### What you have to do
Skip every picture while you write out the records below, from the first line through the one that contains "Двойна розетка RJ45, CAT", both ends kept.
*** Opening Records for this exercise ***
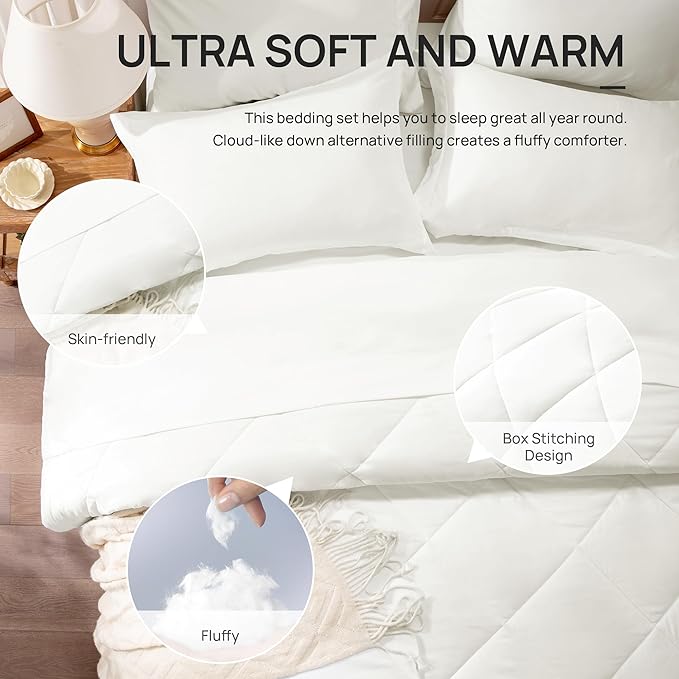 Love's cabin Queen Comforter Set Ivory, 7 Pieces Queen Bed in a Bag, All Season - Image 4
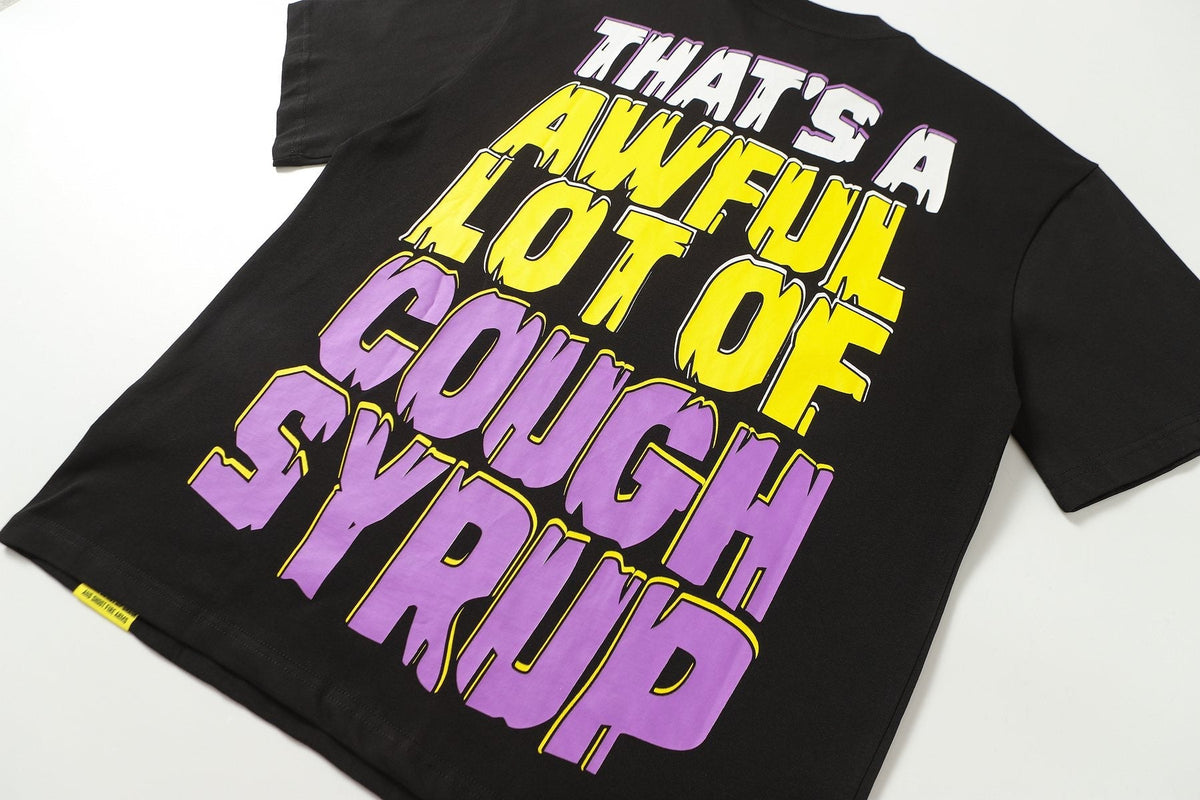 THAT'S A AWFUL LOT OF COUGH SYRUP Character Graphic Short-Sleeve T-Shirt ¡ª detail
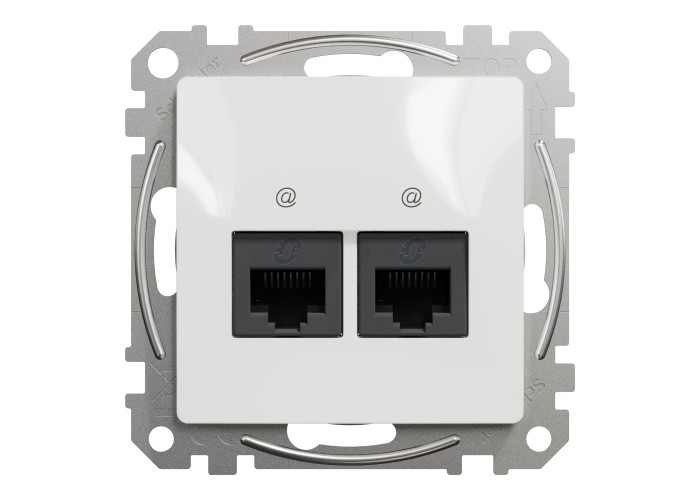 Двойна розетка RJ45, CAT 5E UTP, бяла, Schneider Electric SDD111452 Sedna Design & Elements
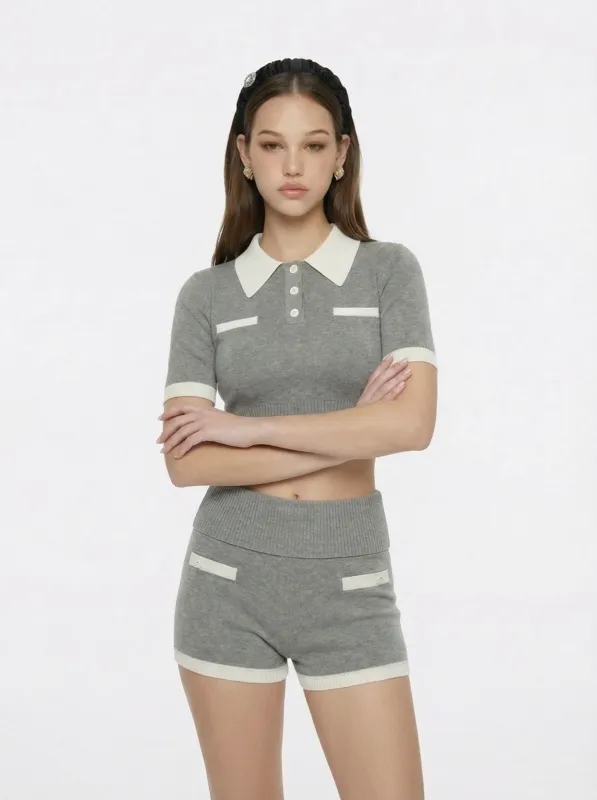 Mia Contrast-Collar Grey Short Sleeve Knit Top made by Nana Jacqueline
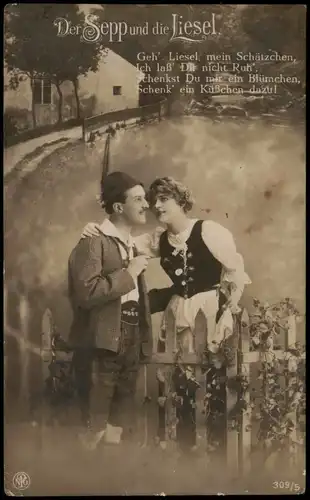 Menschen/Soziales Leben - Liebespaare Fotokunst Sepp u. Liesel 1915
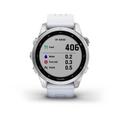 Garmin fenix 7s PRO Glass, Silver/ White Silicone Band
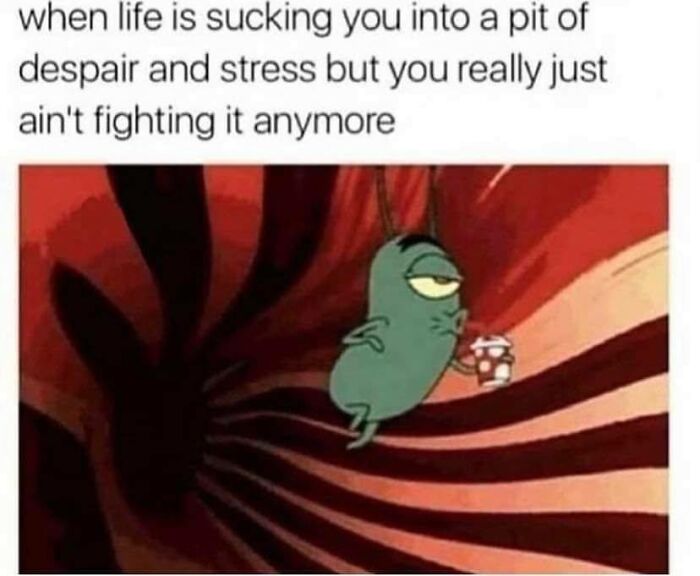 Cartoon character falling into a swirling pit holding a cup, expressing relatable stress emotions for neurodivergent memes.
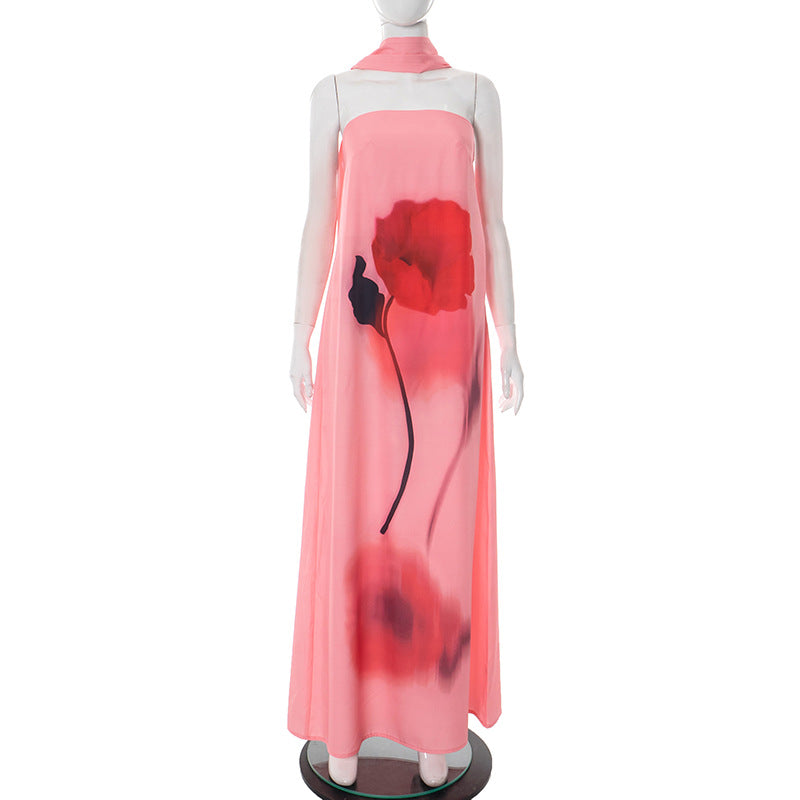 Femme Elegante Blomsterdesign Maxikjole Stilla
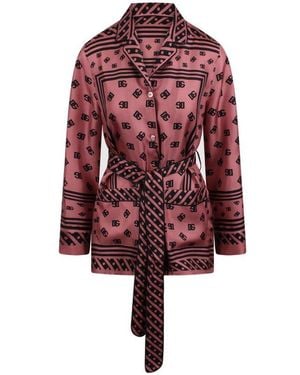Dolce & Gabbana Dolce & Gabbana Pyjama Shirt With Allover Dg Logo Print - Red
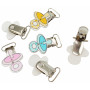 Infinity Hearts Suspender Clips with Pacifier Ass. colours - 6 pcs
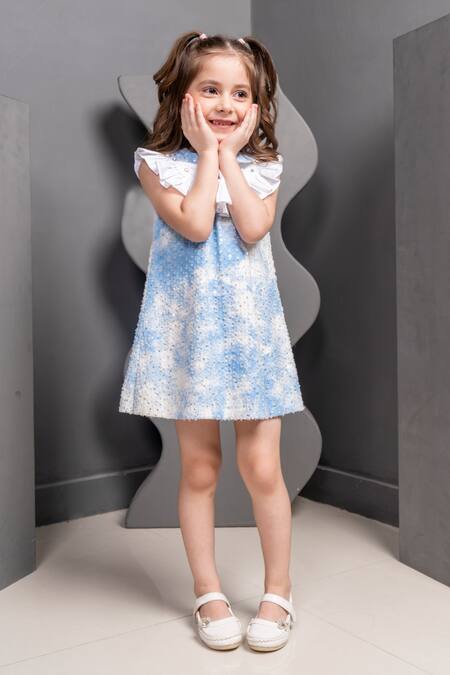 Shop Hoity Moppet Blue Denim Pearls, Sequins Margo Embroidered Dress Online at Aza Fashions Shop_Hoity Moppet_Blue Denim Pearls, Sequins Margo Embroidered Dress _Online_at_Aza_Fashions
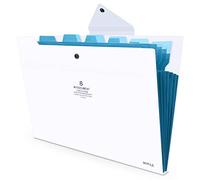 HAISSKY Expanding File Folder, File Organiser A4 Letter Paper Pockets Accordion Document Bag Organizer Wallets Files Folders with Buckle Closure for School Office, 8 Pockets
*** Closing Records for this exercise ***
### Exercise output
 Love's cabin Queen Comforter Set Ivory, 7 Pieces Queen Bed in a Bag, All Season - Image 4
 THAT'S A AWFUL LOT OF COUGH SYRUP Character Graphic Short-Sleeve T-Shirt ¡ª detail
 Двойна розетка RJ45, CAT 5E UTP, бяла, Schneider Electric SDD111452 Sedna Design & Elements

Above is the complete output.